Les vies antérieures de Dune sont son principal problème. C’est pourquoi Denis Villeneuve refuse de laisser le passé entacher le présent. Son parti pris est clair dès les premières minutes : jurer fidélité au roman de Frank Herbert tout en dégageant une proposition pensée jusque dans ses moindres détails pour le cinéma (comprendre : le grand écran, en dépit d’une distribution américaine simultanée sur la plateforme HBO Max, comme toutes les sorties Warner cette année). Il ne s’agit pas, pour Villeneuve, de relever le défi d’une adaptation jugée quasiment impossible, mais bien d’utiliser cette matière extrêmement dense pour la transformer en un rare exemple de perfection.
Dans un souci d’exhaustivité, Dune sera ainsi divisé en deux parties, à l’instar de certaines éditions du roman en français, ce film adaptant le premier tome. Et il est peu dire que la traduction à l’écran est étourdissante. Villeneuve parvient à simplifier la trame – en l’an 10 000 et des poussières, la puissante famille Atreides reçoit l’intendance de la planète Arrakis, jusque-là aux mains de leurs ennemis, les dangereux Harkonnen, qui ont en réalité pactisé avec l’Empereur pour tendre un piège à la fois aux Atreides et aux autochtones de la planète, les Fremen, afin de garder le contrôle de l’Épice, la substance la plus rare de l’univers qui ne se trouve que sur Arrakis – et à développer tout l’univers de Frank Herbert, avec ses richesses, ses complexités, ses nuances et ses langages, laissant même quelques mystères en suspens en évitant au spectateur d’en sortir frustré.
L’éblouissement recherché est tellement réussi qu’il aveugle
Mais l’impossible est aussi l’obsession du cinéaste, l’un des plus doués de sa génération. On perçoit simultanément dans l’ampleur de Dune l’expression ultime d’un rêve d’enfant devenu réalité et le conflit intérieur d’un réalisateur avec son propre ego. Chaque plan du film a vocation à être sorti de son écrin puis imprimé et encadré; presque chaque ligne de dialogue – et le film n’est jamais bavard – sonne comme une citation; chaque extérieur – naturel – appelle à l’évasion. Dans cet univers vu à travers la caméra de Denis Villeneuve, on ne marche pas, on glisse ou on lévite. On ne reste pas fixe, on pose. On ne se bat pas, on chaloupe. La vision que propose Villeneuve relève à tous points de vue d’une extase contemplative qui achève de se définir dans la dualité des codes couleurs – marque de fabrique du réalisateur québécois –, dans le jeu d’acteur du protagoniste, Timothée Chalamet, qui fonctionne, lui aussi, sur la dichotomie, et dans la musique, tant omniprésente que désagréable, de Hans Zimmer.
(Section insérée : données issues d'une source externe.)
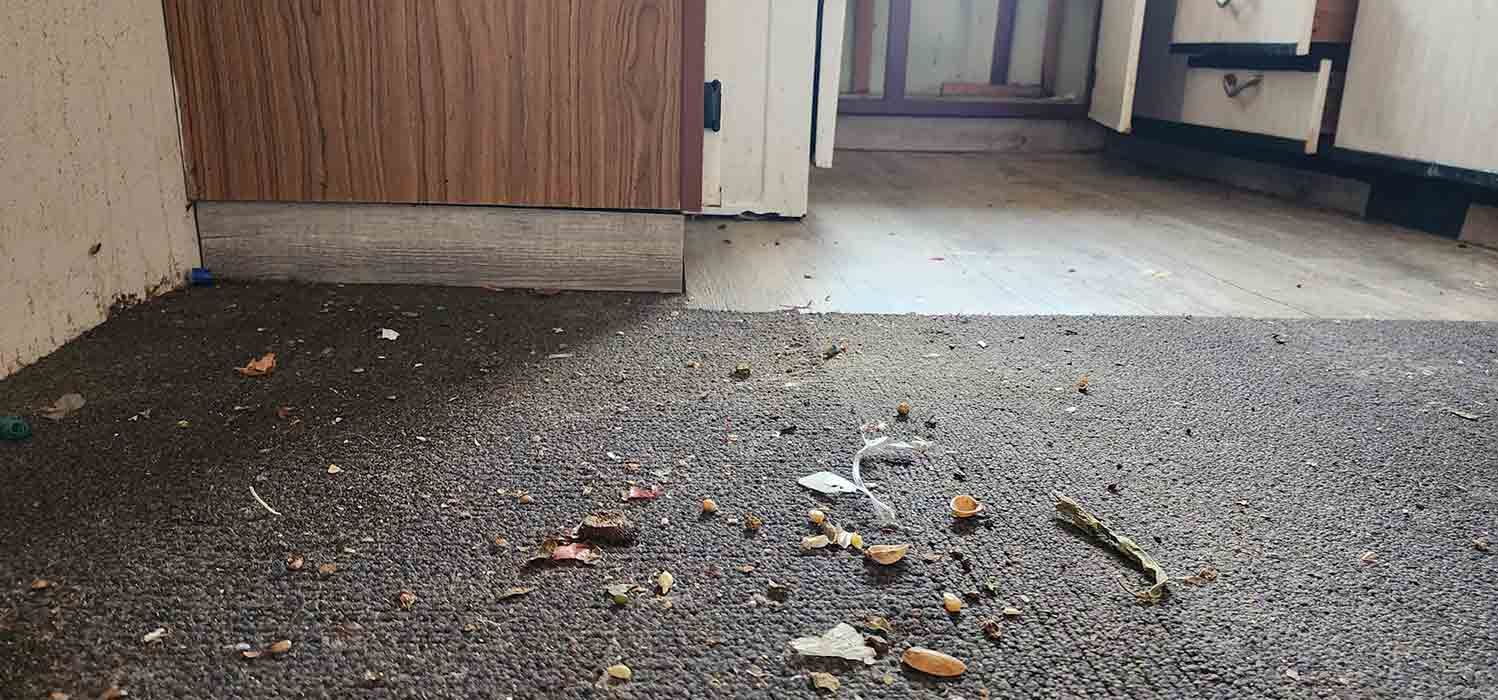 There Is A Lot Of Trash On The Floor In The Kitchen — Dan's Pest Control in Albion Park, NSW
Il est évident que Dune est une œuvre à part, à des années-lumière de tout autre film de science-fiction. On ne peut qu’en être ébloui. Avant d’être finalement rattrapé – assez vite, à vrai dire – par sa propre excellence, sa perfection lisse, où le divertissement rejoint l’œuvre d’art totale, interdisant même aux méchants de l’histoire d’être répugnants et évacuant toute forme d’ésotérisme pour des visions transcendantes. L’éblouissement recherché est tellement réussi qu’il aveugle, mais il tient à faire rappeler à chaque seconde que Dune, le film, est le digne héritier de Dune, le roman : un édifice inatteignable.